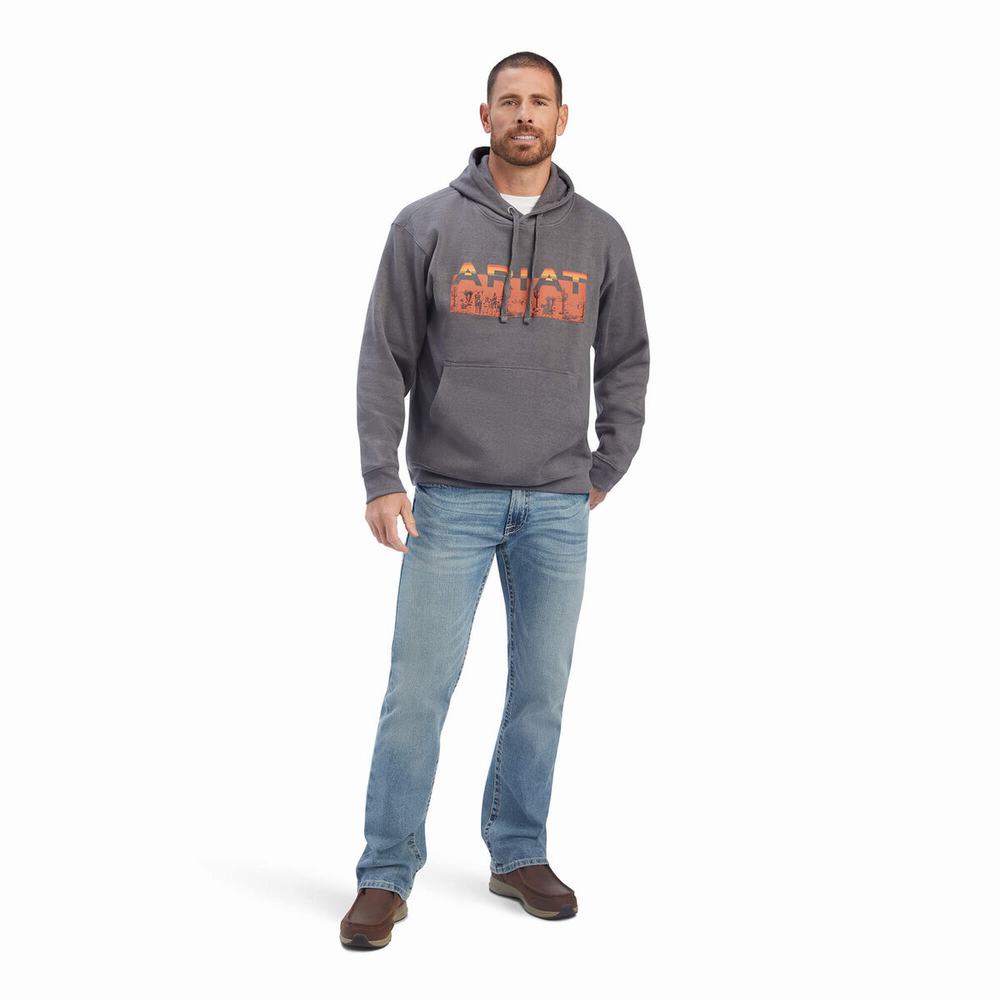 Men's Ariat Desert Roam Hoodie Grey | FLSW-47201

...

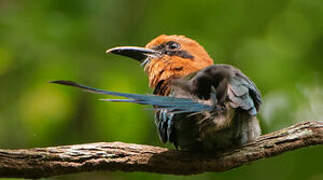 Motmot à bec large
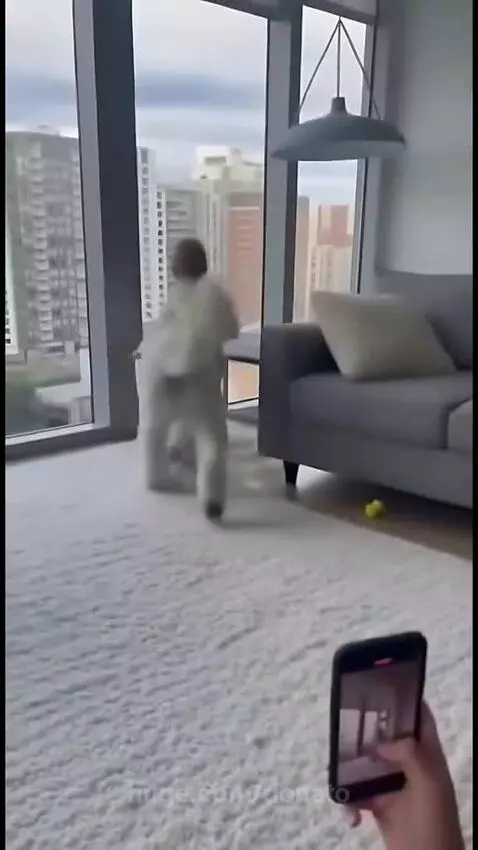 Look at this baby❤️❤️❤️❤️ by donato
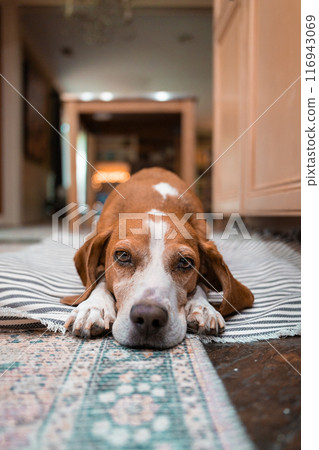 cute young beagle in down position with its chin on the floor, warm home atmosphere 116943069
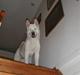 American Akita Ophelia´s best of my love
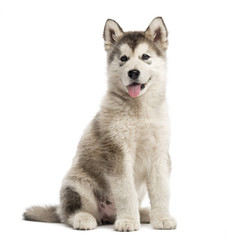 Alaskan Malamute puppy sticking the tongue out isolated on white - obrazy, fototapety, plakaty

...

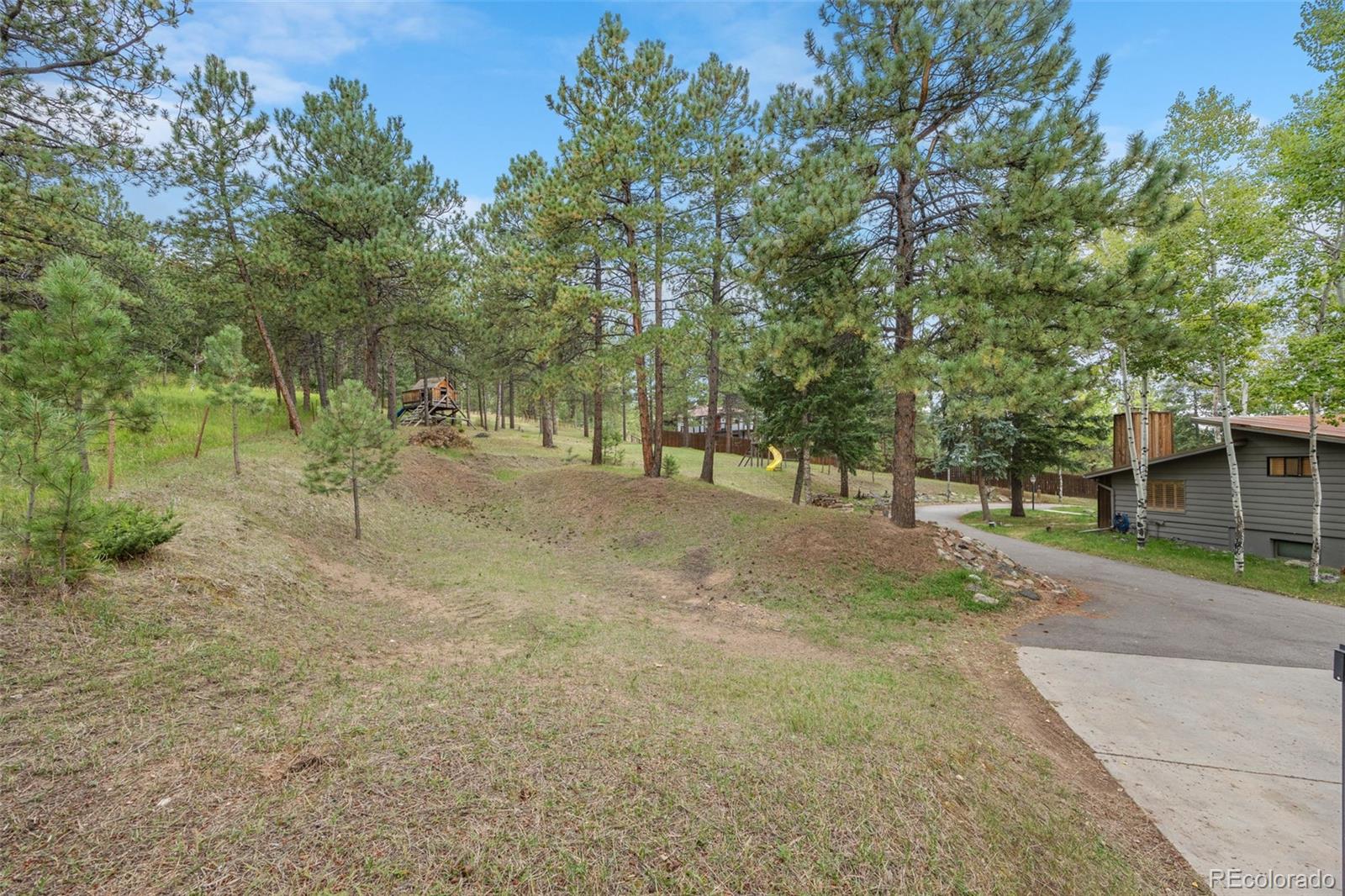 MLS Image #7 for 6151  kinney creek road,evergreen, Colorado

### WORK TO COMPLETE
Write out word for word the lines of the listing above from the line with "American Akita Ophelia´s best of my love" to the line with "Alaskan Malamute puppy", taking in both of those lines but no pictures.

### SOLUTION TO THE EXERCISE
 American Akita Ophelia´s best of my love
 Alaskan Malamute puppy sticking the tongue out isolated on white - obrazy, fototapety, plakaty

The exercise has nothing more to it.